The Five Dysfunctions of a Team: A Leadership Fable Patrick Lencioni

I have a lot of super-awesome volunteers at my library. One of them has a fancy-schmancy day job as a high-level executive. When I became branch manager, we were talking about my new role and management stuff and she highly recommended Patrick Lencioni, this book in general. So I read it.

I loved it. It’s a “Leadership Fable” which made it a much easier read for me. The first 75% of the book is a story about a dysfunctional software company and how a new CEO came in and fixed the team and the problem and successes they had along the way. As a story, it wasn’t that awesome, but as someone who thinks in story, it was a much easier, faster, and accessible read than a normal “how to” management book. I read it in an evening and the points made are going to stick with me for a lot longer because of it. I was skeptical going in, but I really appreciated the style. The last 25% is a little more “how to” that goes a little more in-depth on the 5 dysfunctions, how to spot them, and how to get over them.

I also think Lencioni makes good points on how to make a team work. He really focuses on the overall goal of the team, and not individual success and ego. Part of this is a good dose of conflict (because good conflict creates better buy-in) and holding each other accountable.

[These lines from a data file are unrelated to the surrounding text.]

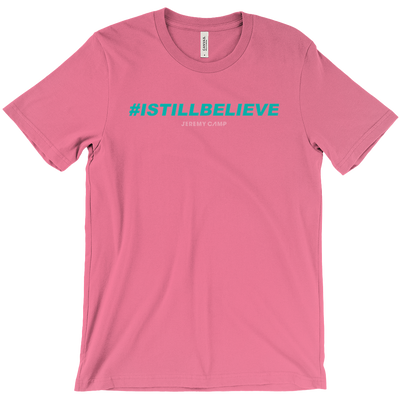 I Still Believe # Shirt - Womens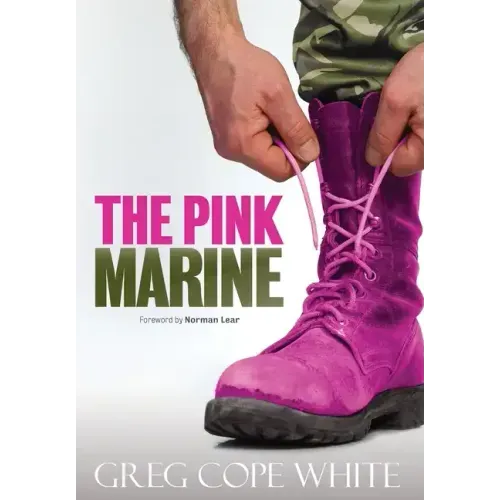 The Pink Marine: One Boy's Journey Through Bootcamp To Manhood - Hardcover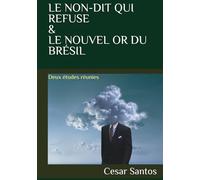 LE NON-DIT QUI REFUSE / LE NOUVEL OR DU BRÉSIL: Deux études réunies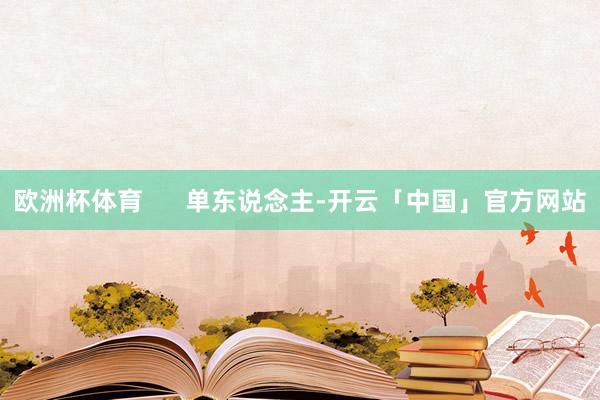 欧洲杯体育 单东说念主-开云「中国」官方网站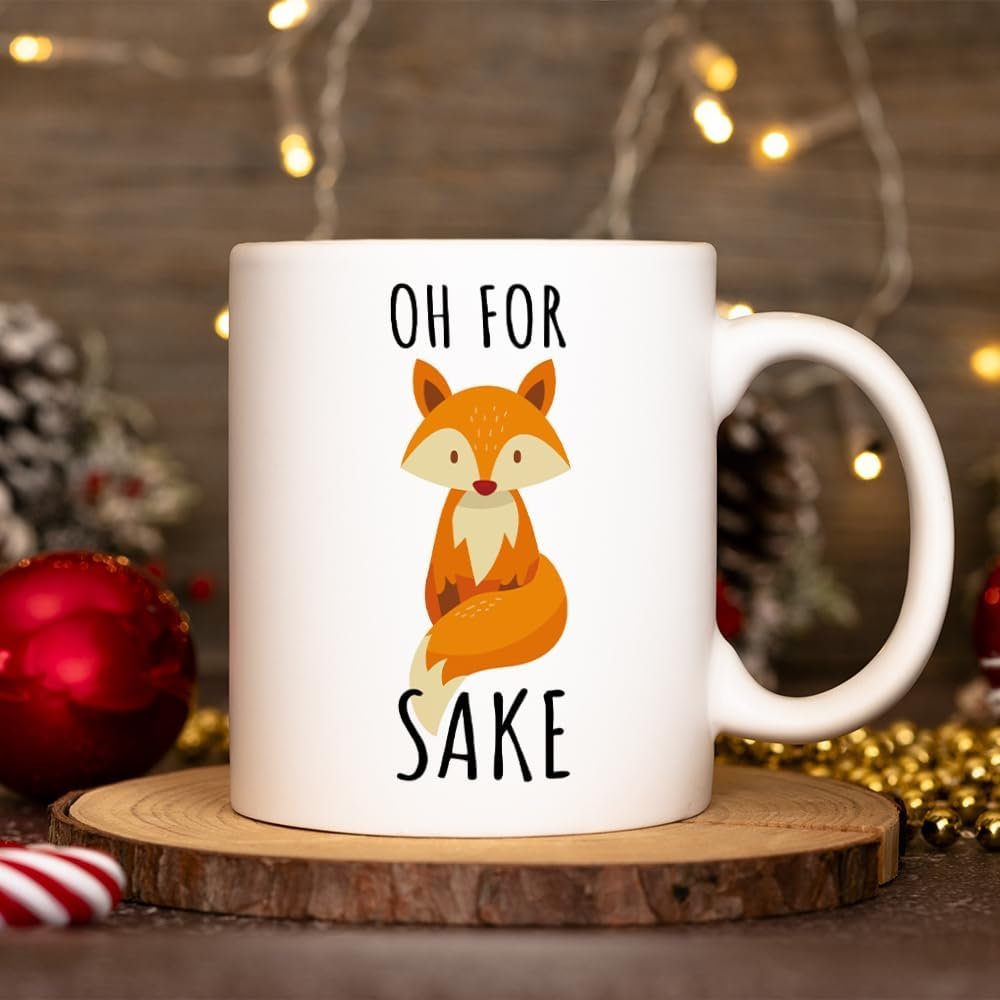 Oh For Fox Sake Mug, Funny Animal Coffee Cup, Gift for Mom Dad Birthday 11 Oz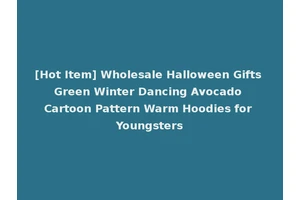[Hot Item] Wholesale Halloween Gifts Green Winter Dancing Avocado Cartoon Pattern Warm Hoodies for Youngsters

I also liked how his team-building exercises and overall method wasn’t touchy-feely. (No trust falls!) and stays largely focused on the actual business at hand, while still being broadly applicable.

I also liked how he has five dysfunctions, but they really play into each other and are all part of a larger problem, and how if you have problem in one area, you almost definitionally are going to have problems in another.

Now, I work with an awesome team, so I won’t be putting what I learned into direct process, but I’ll be keeping it in mind to evaluate if we continue to be awesome in the future.

And, I’ll be checking out Lencioni’s other leadership books.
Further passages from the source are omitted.